How to love the over-achiever part of myself? The not-enough, needs-more-work part that imagines an editor reading over my shoulder as I type, summarily rejecting every word.
I’ve no question of myself as a writer. That’s not it. Stories course through my body as words flow onto the page. I can’t not write. I feel less an imposter than ever.
Except when I begin to rework. I break it all apart in in the hopes that maybe my words will eventually catch someone’s attention. My greatest fear: I bear my soul in a way inarticulable to anyone else. In reworking, I squeeze and squeeze and squeeze the life out of a piece until it’s unrecognizable to me but works for the imagined everyone else.
I feel the stakes on my shoulders. If the powers-that-be don’t understand, then my words, the beautiful light I’ve discovered, won’t reach the few who need them. How to reach those kindred souls, the ones who yearn for my words but have no path to find them? I write for them. I revise for them.
Except that I don’t. I revise for editors, those gatekeepers of the microphone who judge my worthiness to be on the stage. Do I go around them or appease them?

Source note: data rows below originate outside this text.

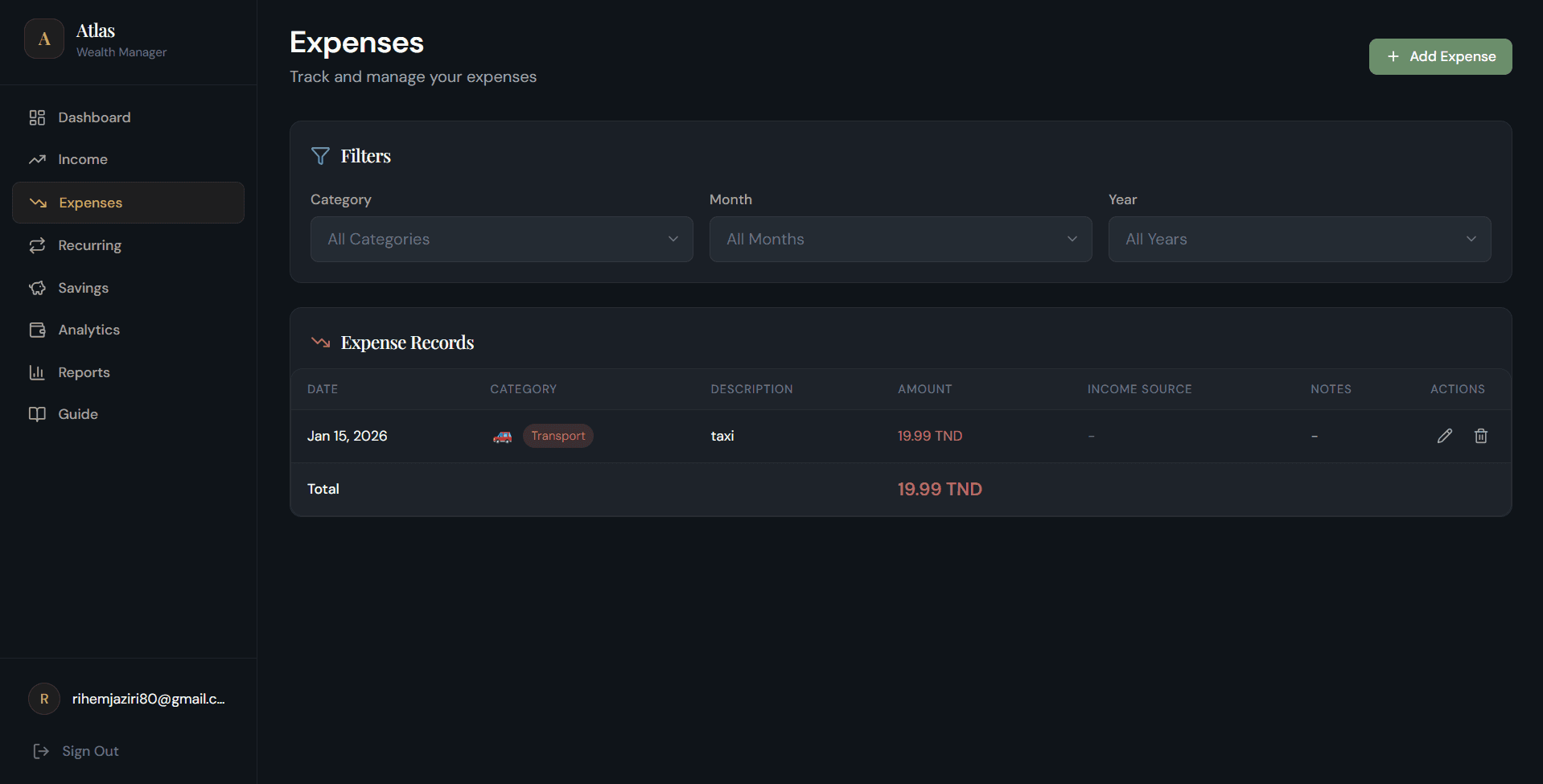 Expense Tracking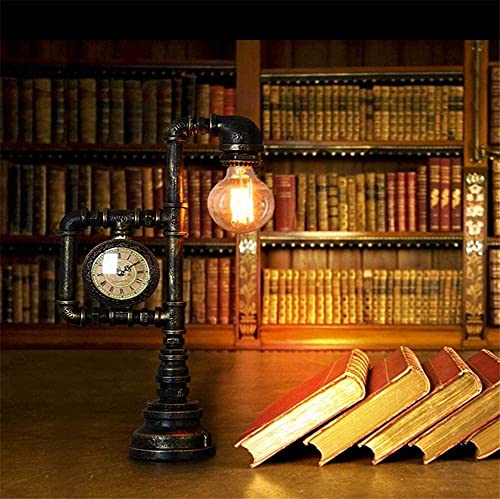 XSEJ Industriële loft industriële stijl studie bureaulamp bedset room lezen smeedijzeren buis buis klok bureaulamp met… - Afbeelding 8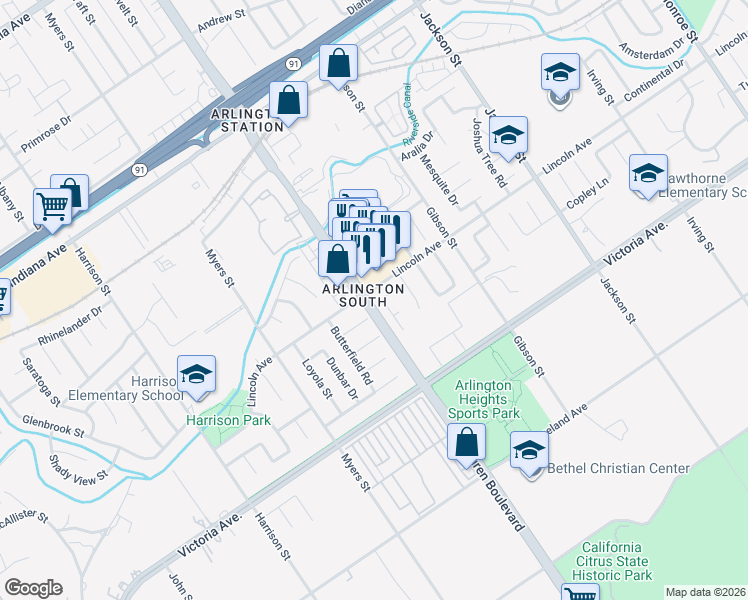 map of restaurants, bars, coffee shops, grocery stores, and more near 9510 Lincoln Avenue in Riverside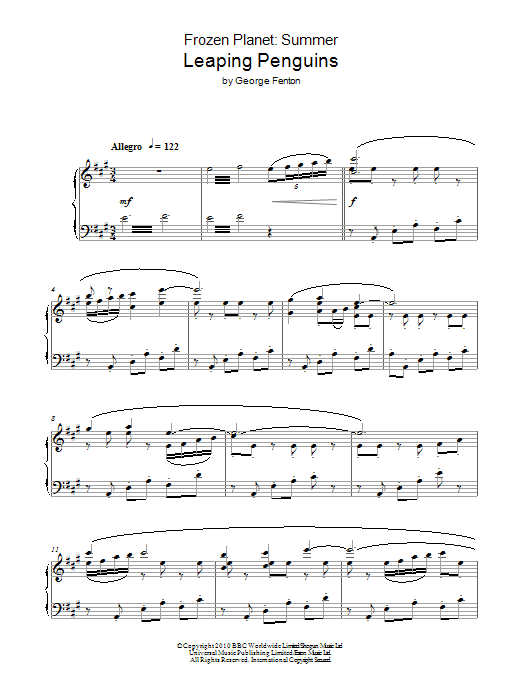 George Fenton Frozen Planet, Leaping Penguins sheet music notes and chords arranged for Piano Solo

Maybe I try not to please but simply to show myself as I am. Can I do that? Can I love the part of myself that wants to appease and then gently set it aside so I can do the work of getting my completely ordinary, beautifully imperfect self onto the page?
To be seen is to be judged. To be perfect is to avoid judgment. Perfection equals invisibility.
That’s my old self talking, the one I’m trying to rewrite. I no longer want to be invisible. I want to fill this chasm with beautiful, unflinching uniqueness. I want to be free.
I reach my hand toward the snake, keeping my distance and letting it come to me.
“Don’t be afraid,” I tell it. “I’m here. What do you need?”
Safety. The word rises from the depths of my gut.
“I am safe,” I tell it.
The snake hovers its head away from the rod, testing me. I keep my hand steady. It finds its way up the inside of my forearm, stopping just before my elbow. Most of its body still clings tight to the rod. I remain still.
Eventually, the snake returns to the rod and continues to grip, though less fiercely than before. Progress.
Tomorrow, we’ll try again, another step on the long journey toward letting go.